### Your objective
Reproduce the records below exactly, with nothing altered.
----
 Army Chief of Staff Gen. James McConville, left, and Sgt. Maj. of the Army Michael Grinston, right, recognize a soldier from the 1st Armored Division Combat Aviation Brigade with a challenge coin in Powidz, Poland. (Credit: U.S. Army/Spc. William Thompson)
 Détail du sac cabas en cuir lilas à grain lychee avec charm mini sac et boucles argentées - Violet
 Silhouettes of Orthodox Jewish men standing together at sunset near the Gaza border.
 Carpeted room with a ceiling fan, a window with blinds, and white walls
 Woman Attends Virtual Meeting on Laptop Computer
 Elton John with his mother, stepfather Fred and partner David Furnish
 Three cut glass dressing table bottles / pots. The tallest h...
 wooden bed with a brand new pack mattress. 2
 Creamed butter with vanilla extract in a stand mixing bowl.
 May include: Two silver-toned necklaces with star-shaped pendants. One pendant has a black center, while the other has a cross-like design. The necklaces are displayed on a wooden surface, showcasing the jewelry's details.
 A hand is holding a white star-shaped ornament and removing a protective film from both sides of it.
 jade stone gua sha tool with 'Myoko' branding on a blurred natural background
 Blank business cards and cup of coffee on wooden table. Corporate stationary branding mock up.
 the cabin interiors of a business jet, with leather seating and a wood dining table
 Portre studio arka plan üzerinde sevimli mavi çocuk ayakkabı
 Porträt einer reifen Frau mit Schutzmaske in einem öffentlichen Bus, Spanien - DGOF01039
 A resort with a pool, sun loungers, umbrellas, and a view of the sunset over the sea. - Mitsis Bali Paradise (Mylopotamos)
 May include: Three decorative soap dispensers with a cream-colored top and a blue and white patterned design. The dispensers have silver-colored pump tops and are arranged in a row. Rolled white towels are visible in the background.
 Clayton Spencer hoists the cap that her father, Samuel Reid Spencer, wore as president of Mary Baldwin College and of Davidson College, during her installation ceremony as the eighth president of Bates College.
----
### Answer to the problem
 Army Chief of Staff Gen. James McConville, left, and Sgt. Maj. of the Army Michael Grinston, right, recognize a soldier from the 1st Armored Division Combat Aviation Brigade with a challenge coin in Powidz, Poland. (Credit: U.S. Army/Spc. William Thompson)
 Détail du sac cabas en cuir lilas à grain lychee avec charm mini sac et boucles argentées - Violet
 Silhouettes of Orthodox Jewish men standing together at sunset near the Gaza border.
 Carpeted room with a ceiling fan, a window with blinds, and white walls
 Woman Attends Virtual Meeting on Laptop Computer
 Elton John with his mother, stepfather Fred and partner David Furnish
 Three cut glass dressing table bottles / pots. The tallest h...
 wooden bed with a brand new pack mattress. 2
 Creamed butter with vanilla extract in a stand mixing bowl.
 May include: Two silver-toned necklaces with star-shaped pendants. One pendant has a black center, while the other has a cross-like design. The necklaces are displayed on a wooden surface, showcasing the jewelry's details.
 A hand is holding a white star-shaped ornament and removing a protective film from both sides of it.
 jade stone gua sha tool with 'Myoko' branding on a blurred natural background
 Blank business cards and cup of coffee on wooden table. Corporate stationary branding mock up.
 the cabin interiors of a business jet, with leather seating and a wood dining table
 Portre studio arka plan üzerinde sevimli mavi çocuk ayakkabı
 Porträt einer reifen Frau mit Schutzmaske in einem öffentlichen Bus, Spanien - DGOF01039
 A resort with a pool, sun loungers, umbrellas, and a view of the sunset over the sea. - Mitsis Bali Paradise (Mylopotamos)
 May include: Three decorative soap dispensers with a cream-colored top and a blue and white patterned design. The dispensers have silver-colored pump tops and are arranged in a row. Rolled white towels are visible in the background.
 Clayton Spencer hoists the cap that her father, Samuel Reid Spencer, wore as president of Mary Baldwin College and of Davidson College, during her installation ceremony as the eighth president of Bates College.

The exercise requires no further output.